Search code examples
postgresqlgenericscounttalenddayofweek

Count the current week records from multiple table in Postgresql and Talend


I have multiple tables in Postgresql. Say , A table has column A,column B,column C,refresh_date,fiscal week. B table has column D,column E,column B,fiscal week,refresh_date. I want to find the total count of records for the current week for table A and the total count of column E from table B for the current week. I am using Talend for data loading from table A and table B and those tables are in Postgresql. Also, if column E has values equal to zero for that current week then it should send a mail to myself. I want to create a generic code for this as this is for table A and table B, there will be multiple tables used similar to this. How to do this in Talend and Postgresql?


Solution

  • I've created something like your need a few months ago, and it basically executes a random query and parses the resultset and stores it denormalized in a database table.

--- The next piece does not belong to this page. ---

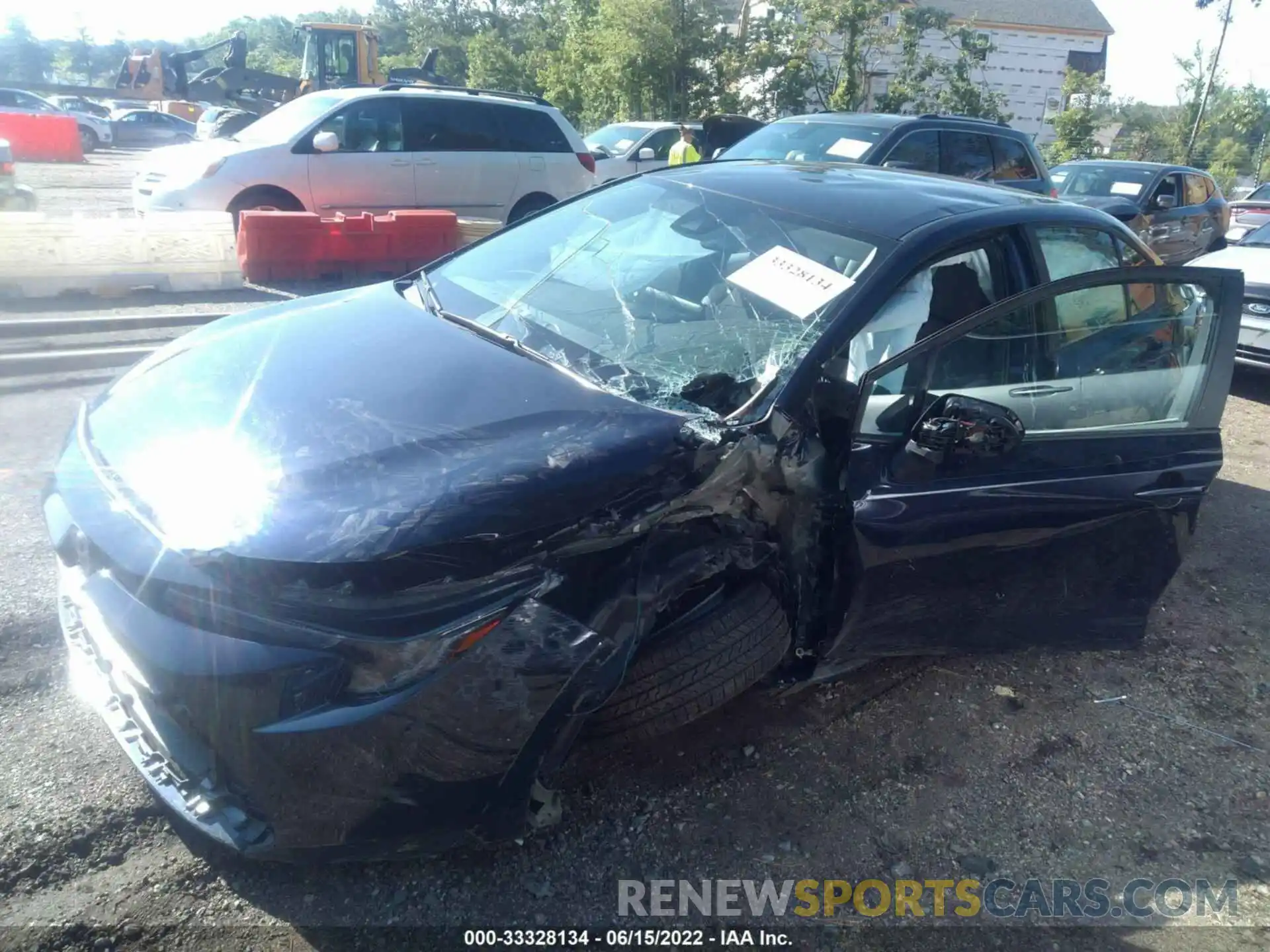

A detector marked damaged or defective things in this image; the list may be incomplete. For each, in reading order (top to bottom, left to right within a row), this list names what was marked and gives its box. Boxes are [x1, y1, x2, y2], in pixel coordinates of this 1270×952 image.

damaged hood [82, 283, 693, 566]
shattered windshield [426, 178, 884, 418]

Note that I use enterprise Talend that has a neat feature called Dynamic Schema: https://help.talend.com/pages/viewpage.action?pageId=190513179

    So where should we start? My typical query looks like this:

    select pk1 as rcr_grby_pk1, pk2 as rcr_grpby_pk2, 
           count(*) as cnt, sum(amount) as sum_amount
    from mySchema.myTable
    group by pk1, pk2
    

    Obviously the Select query could be anything, can contain any number of columns. We execute it and store the results in a table that would look like this:

    --------------------------------------------------------
    |  schema  |  table  |  pk     |measure_name| value_n  |
    --------------------------------------------------------
    | mySchema | myTable | foo2015 | cnt        | 1234     |
    --------------------------------------------------------
    | mySchema | myTable | foo2015 | sum_amount | 987.65   |
    --------------------------------------------------------
    | mySchema | myTable | bar2014 | cnt        | 4321     |
    --------------------------------------------------------
    | mySchema | myTable | bar2014 | sum_amount | 567.89   |
    --------------------------------------------------------
    

    We've distinguished the 3 basic types: text, numbers, dates.

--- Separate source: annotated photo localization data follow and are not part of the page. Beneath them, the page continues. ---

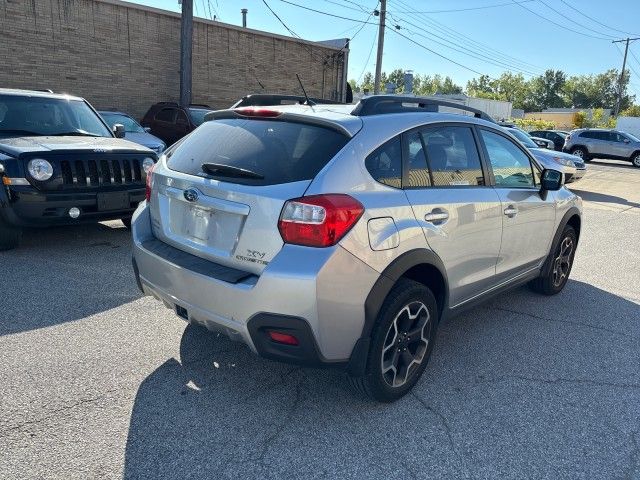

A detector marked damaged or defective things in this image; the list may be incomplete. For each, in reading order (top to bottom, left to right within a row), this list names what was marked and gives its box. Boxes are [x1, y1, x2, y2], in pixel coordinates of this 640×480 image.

crack in asphalt [492, 306, 628, 336]
crack in asphalt [0, 388, 119, 436]
crack in asphalt [412, 392, 472, 478]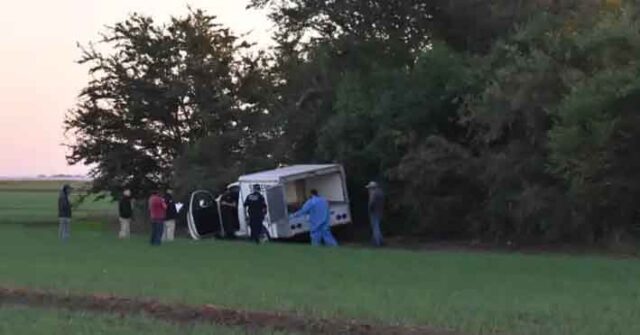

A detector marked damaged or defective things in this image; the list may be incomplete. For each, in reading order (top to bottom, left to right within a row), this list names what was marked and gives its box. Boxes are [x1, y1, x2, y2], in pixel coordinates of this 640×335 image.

overturned white van [235, 165, 352, 239]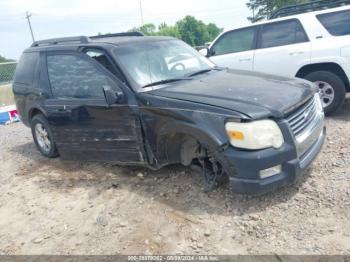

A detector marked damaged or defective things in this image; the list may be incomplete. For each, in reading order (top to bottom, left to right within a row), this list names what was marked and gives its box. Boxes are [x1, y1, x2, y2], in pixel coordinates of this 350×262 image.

damaged hood [148, 69, 318, 119]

    I guess you can have an idea how to write and store these SQL queries, along with an ID that could be passed to talend and stored in the target table, so you can see what generated that result.

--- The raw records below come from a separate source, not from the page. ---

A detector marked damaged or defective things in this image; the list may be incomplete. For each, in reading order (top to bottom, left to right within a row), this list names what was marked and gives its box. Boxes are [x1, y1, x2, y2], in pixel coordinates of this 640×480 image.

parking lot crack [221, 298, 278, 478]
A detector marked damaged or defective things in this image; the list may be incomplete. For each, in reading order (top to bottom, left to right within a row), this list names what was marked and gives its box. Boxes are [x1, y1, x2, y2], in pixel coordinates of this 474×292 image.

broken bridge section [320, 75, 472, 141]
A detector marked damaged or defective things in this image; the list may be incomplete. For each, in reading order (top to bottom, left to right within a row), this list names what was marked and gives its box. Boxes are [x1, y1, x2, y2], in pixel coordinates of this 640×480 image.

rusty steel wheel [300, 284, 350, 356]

    So the processing piece. tFlowToIterate -> tJavaFlex -> tLogRow

    I've placed everything into a joblet because we are using this to reconcile data between different databases. (e.g. Oracle and Postgres) Joblet content:

    joblet content

    tJavaFlex has an output schema like this:

    tJavaFlex has an output schema like this:

    tJavaFlex content is like this:

    begin:

    Dynamic record = ((Dynamic)globalMap.get("input.line"));
    
    String group_by_columns = "";
    
    for(int i = 0 ; i < record.getColumnCount() ; i++) {
        DynamicMetadata meta = record.getColumnMetadata(i);
        if(meta.getDbName().toUpperCase().startsWith("RCR_GRPBY_") ){
            group_by_columns  += "" + record.getColumnValue(i);
        }
    }
    for(int i = 0 ; i < record.getColumnCount() ; i++) {
        DynamicMetadata meta = record.getColumnMetadata(i);
        if(false == meta.getDbName().toUpperCase().startsWith("RCR_GRPBY_") ){
    

    main:

    out.grp_id = context.grp_id;
    out.job_id = context.job_id;
    out.table_test_id = context.table_test_id;
    
    out.group_by_columns = group_by_columns;
    out.measure_column_name = meta.getDbName().toUpperCase();
    
    out.result_n = /* Float */ null;
    out.result_v = /* String */ null;
    out.result_d = /* Date */ null;
    
    if( (record.getColumnValue(i)!=null) && ( meta.getType().equals("id_String") ) ){
        out.result_v = String.valueOf(record.getColumnValue(i));
    } else if( (record.getColumnValue(i)!=null) && meta.getType().equals("id_Date") ) {
        System.out.println(String.valueOf(record.getColumnValue(i)));   
        out.result_d = (Date)record.getColumnValue(i);
    } else if( (record.getColumnValue(i)!=null) && ( meta.getType().equals("id_Integer") 
            || meta.getType().equals("id_Double") 
            || meta.getType().equals("id_Float")
            || meta.getType().equals("id_Long") )) {
        out.result_n = Float.valueOf(String.valueOf(record.getColumnValue(i)));
    } else if( (record.getColumnValue(i)!=null) && ( meta.getType().equals("id_BigDecimal") ) ) {
        out.result_n = new BigDecimal( String.valueOf(record.getColumnValue(i)) ).floatValue();
    } else {
        //Should not happen
        System.out.println("\n Unhandled type: " + meta.getType() );    
    }
    

    end:

        } // if
    } //for
    

    PS: I know Float is a bad choice to store numbers, but hadn't had time to rework it, and it still gives acceptable results.